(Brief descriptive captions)
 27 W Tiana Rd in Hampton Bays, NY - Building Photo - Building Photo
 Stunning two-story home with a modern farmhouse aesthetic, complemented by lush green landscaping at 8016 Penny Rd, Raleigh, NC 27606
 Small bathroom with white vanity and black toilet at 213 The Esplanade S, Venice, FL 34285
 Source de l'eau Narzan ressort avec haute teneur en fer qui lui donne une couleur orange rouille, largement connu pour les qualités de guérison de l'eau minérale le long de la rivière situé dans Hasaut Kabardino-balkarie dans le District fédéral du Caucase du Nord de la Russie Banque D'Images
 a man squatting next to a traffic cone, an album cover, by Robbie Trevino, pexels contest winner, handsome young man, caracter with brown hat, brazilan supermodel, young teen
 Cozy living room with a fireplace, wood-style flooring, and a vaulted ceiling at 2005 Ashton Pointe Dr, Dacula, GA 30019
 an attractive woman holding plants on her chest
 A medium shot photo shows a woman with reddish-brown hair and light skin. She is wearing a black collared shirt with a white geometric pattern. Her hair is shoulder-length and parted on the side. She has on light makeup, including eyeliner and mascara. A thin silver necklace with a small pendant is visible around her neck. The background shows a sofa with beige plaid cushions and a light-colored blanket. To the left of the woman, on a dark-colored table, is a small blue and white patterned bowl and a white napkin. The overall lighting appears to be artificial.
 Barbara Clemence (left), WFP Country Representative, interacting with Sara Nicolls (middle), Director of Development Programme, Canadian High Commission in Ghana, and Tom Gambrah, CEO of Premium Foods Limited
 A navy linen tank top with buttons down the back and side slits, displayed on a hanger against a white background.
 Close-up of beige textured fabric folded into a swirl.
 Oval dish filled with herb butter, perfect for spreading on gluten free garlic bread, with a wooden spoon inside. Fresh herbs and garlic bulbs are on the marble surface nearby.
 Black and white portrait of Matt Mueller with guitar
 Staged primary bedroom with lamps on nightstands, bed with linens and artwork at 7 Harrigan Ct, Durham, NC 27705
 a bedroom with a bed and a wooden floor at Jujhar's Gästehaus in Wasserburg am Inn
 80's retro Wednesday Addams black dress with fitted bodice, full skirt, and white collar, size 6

- [Exercise details]:
Reproduce the entries so that each line reads exactly as it did before.

- [Solution for this problem]:
 27 W Tiana Rd in Hampton Bays, NY - Building Photo - Building Photo
 Stunning two-story home with a modern farmhouse aesthetic, complemented by lush green landscaping at 8016 Penny Rd, Raleigh, NC 27606
 Small bathroom with white vanity and black toilet at 213 The Esplanade S, Venice, FL 34285
 Source de l'eau Narzan ressort avec haute teneur en fer qui lui donne une couleur orange rouille, largement connu pour les qualités de guérison de l'eau minérale le long de la rivière situé dans Hasaut Kabardino-balkarie dans le District fédéral du Caucase du Nord de la Russie Banque D'Images
 a man squatting next to a traffic cone, an album cover, by Robbie Trevino, pexels contest winner, handsome young man, caracter with brown hat, brazilan supermodel, young teen
 Cozy living room with a fireplace, wood-style flooring, and a vaulted ceiling at 2005 Ashton Pointe Dr, Dacula, GA 30019
 an attractive woman holding plants on her chest
 A medium shot photo shows a woman with reddish-brown hair and light skin. She is wearing a black collared shirt with a white geometric pattern. Her hair is shoulder-length and parted on the side. She has on light makeup, including eyeliner and mascara. A thin silver necklace with a small pendant is visible around her neck. The background shows a sofa with beige plaid cushions and a light-colored blanket. To the left of the woman, on a dark-colored table, is a small blue and white patterned bowl and a white napkin. The overall lighting appears to be artificial.
 Barbara Clemence (left), WFP Country Representative, interacting with Sara Nicolls (middle), Director of Development Programme, Canadian High Commission in Ghana, and Tom Gambrah, CEO of Premium Foods Limited
 A navy linen tank top with buttons down the back and side slits, displayed on a hanger against a white background.
 Close-up of beige textured fabric folded into a swirl.
 Oval dish filled with herb butter, perfect for spreading on gluten free garlic bread, with a wooden spoon inside. Fresh herbs and garlic bulbs are on the marble surface nearby.
 Black and white portrait of Matt Mueller with guitar
 Staged primary bedroom with lamps on nightstands, bed with linens and artwork at 7 Harrigan Ct, Durham, NC 27705
 a bedroom with a bed and a wooden floor at Jujhar's Gästehaus in Wasserburg am Inn
 80's retro Wednesday Addams black dress with fitted bodice, full skirt, and white collar, size 6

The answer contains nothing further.